Modelling Emotion Based Reward Valuation with Computational Reinforcement Learning
Child, C. H. T. ORCID: 0000-0001-5425-2308, Koluman, C. & Weyde, T. ORCID: 0000-0001-8028-9905 (2019). Modelling Emotion Based Reward Valuation with Computational Reinforcement Learning. In: Proceedings of the 41st Annual Conference of the Cognitive Science Society. Cogsci 2019, 24-27 Jul 2019, Montreal, Canada.
Abstract
We show that computational reinforcement learning can model human decision making in the Iowa Gambling Task (IGT). The IGT is a card game, which tests decision making under uncertainty. In our experiments, we found that modulating learning rate decay in Q-learning, enables the approximation of both the behaviour of normal subjects and those who are emotionally impaired by ventromedial prefrontal lesions.
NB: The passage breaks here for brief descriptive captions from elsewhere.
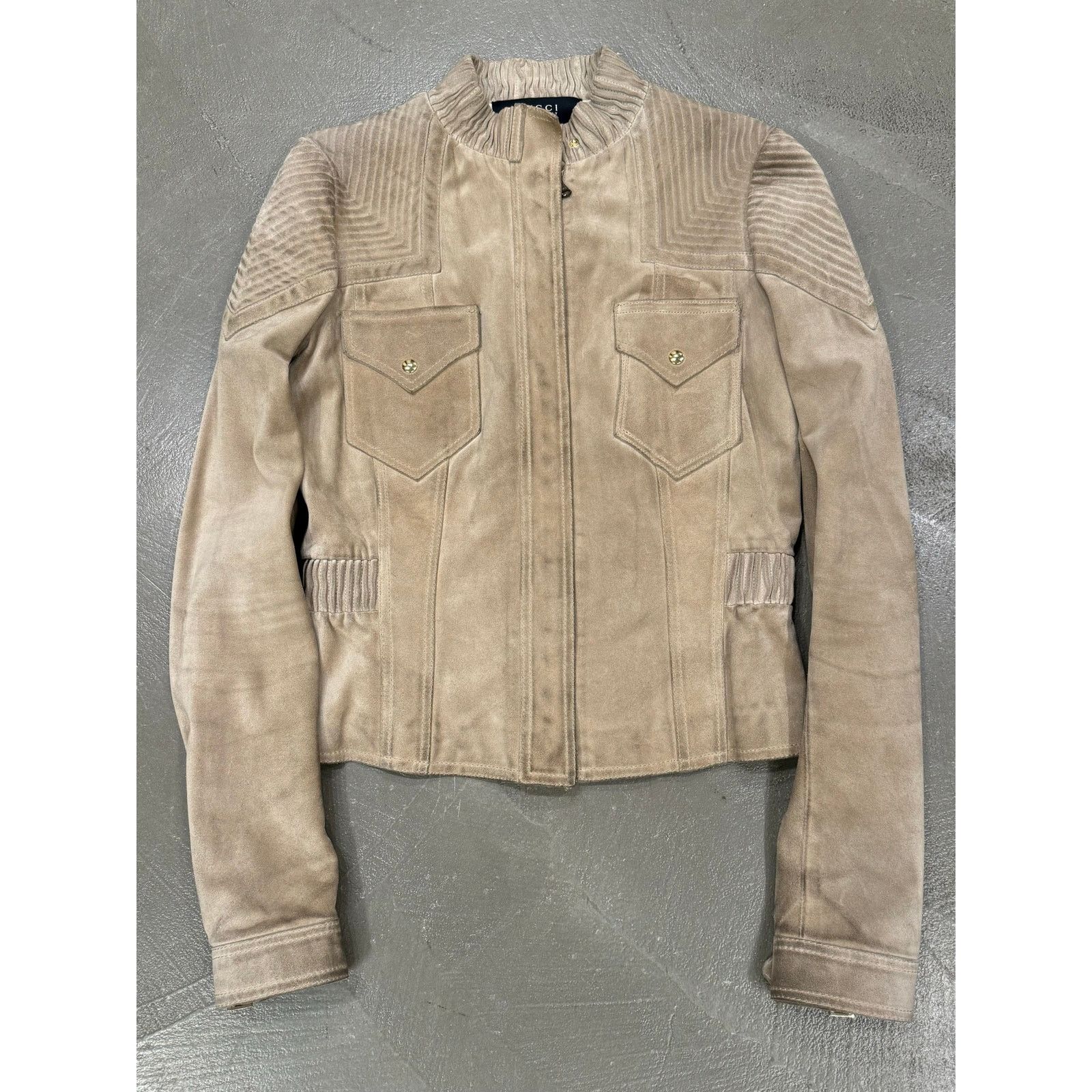 Gucci A/W2004 Gucci by T Ford western paneled suede leather jacket Size US M / EU 48-50 / 2 - 1 Thumbnail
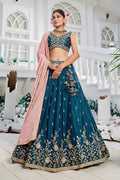 Teal Blue Lehenga Embroidered  with Pink Dupatta – Festive & Wedding Wear RTI
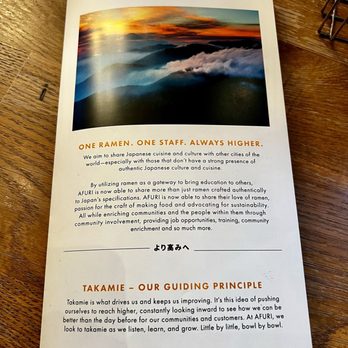 AFURI Ramen+Dumpling - Beaverton - Menu cover - Ramen Near Me - Beaverton, Oregon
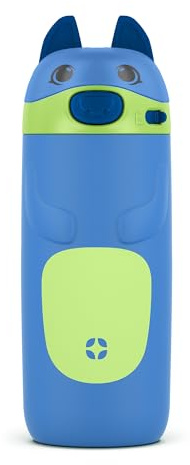Ello Ellies 12oz Vacuum Insulated Stainless Steel Kids Water Bottle with Straw and Built-in Carrying Handle and Leak-Proof Locking Lid for School Backpack, Lunchbox and Outdoor Sports, Dog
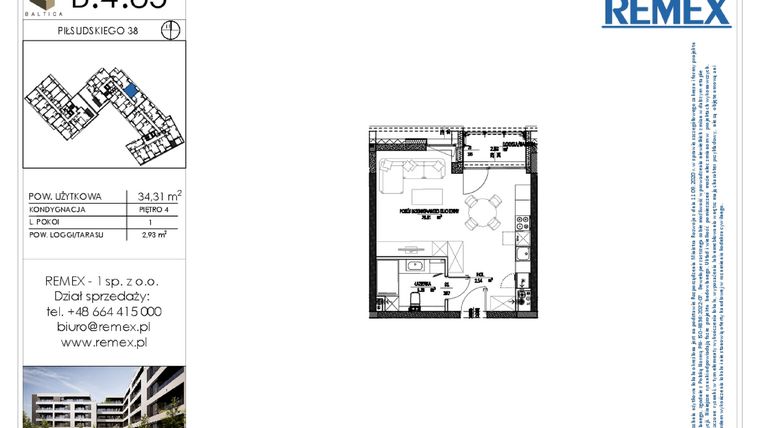 Rzut - Mieszkanie na sprzedaż 1 pokój o powierzchni 34,31 m² - numer B.4.85 w Osiedle BALTICA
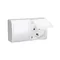 Double socket outlet with earthing Schuko, splash-proof IP54, with shutters for current paths, white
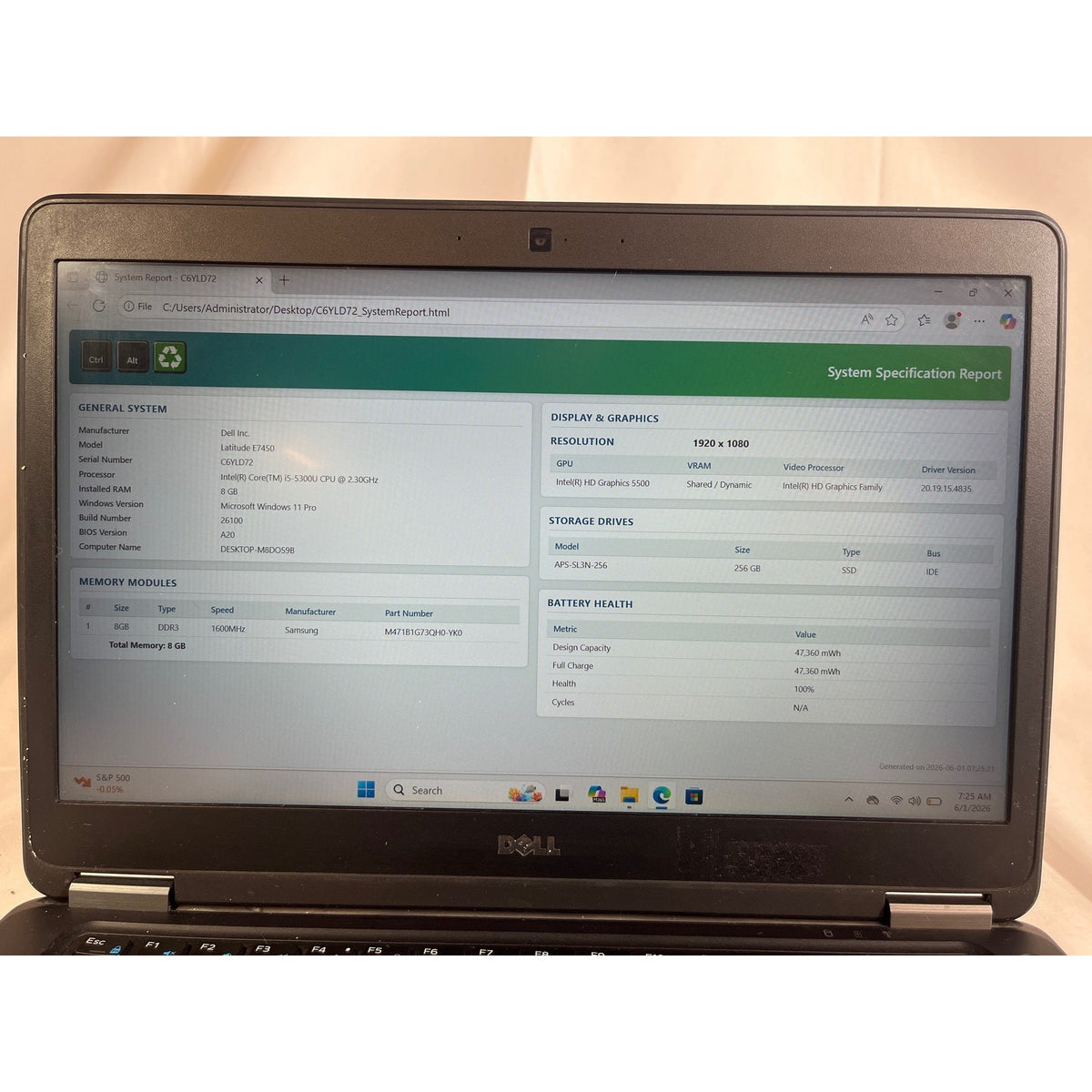 Dell Latitude E7450 Intel Core i5-5300U 8 GB 256GB SSD 14"
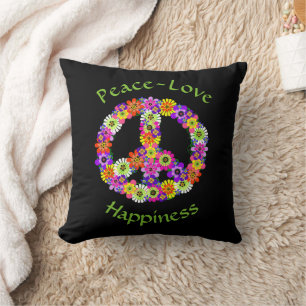 Vredesgebaar Floral Peace Love Geluk Kussen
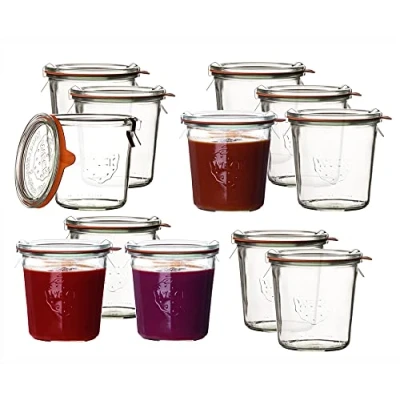 Abbildung von 12 Stück Weck Sturzform Glas 0,5l Rundrandglas Einmachglas Einweckglas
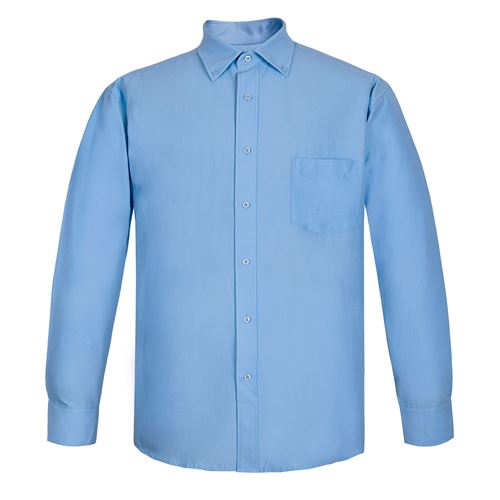 Camisa Oxford con Bolsillo Manga Larga Hombre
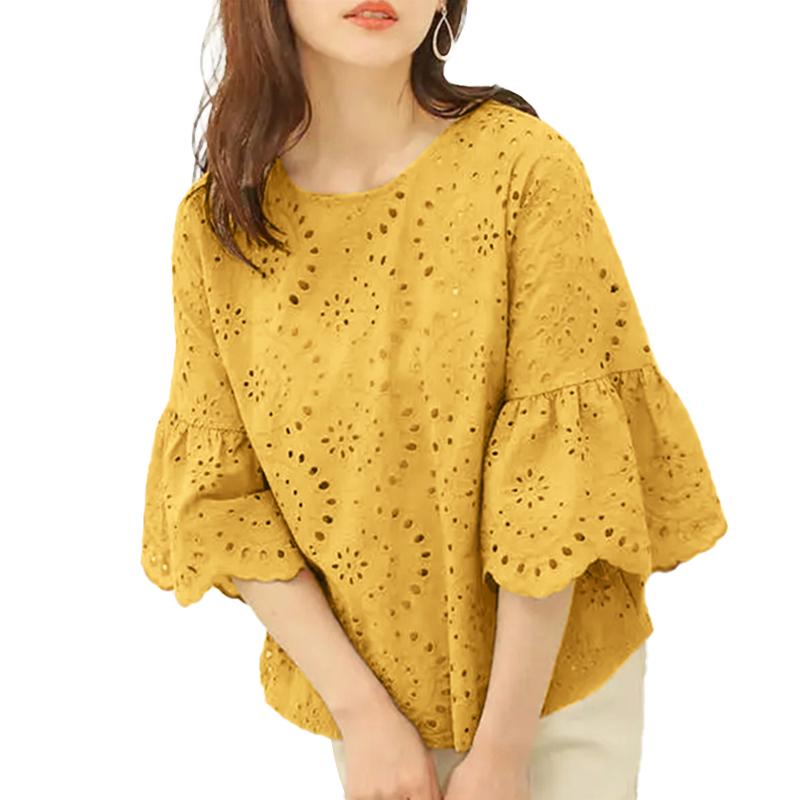 

ZANZEA Женская повседневная кружевная блузка крючком с круглым вырезом и рукавами 3/4 4XL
Outcomes observed in impaired subjects are modeled by high learning rate decay, while low learning rate decay replicates healthy subjects under otherwise identical conditions. The ventromedial prefrontal cortex has been associated with emotion based reward valuation, and, the value function in reinforcement learning provides an analogous assessment mechanism. Thus reinforcement learning can provide a good model for the role of emotional reward as a modulator of the learning rate.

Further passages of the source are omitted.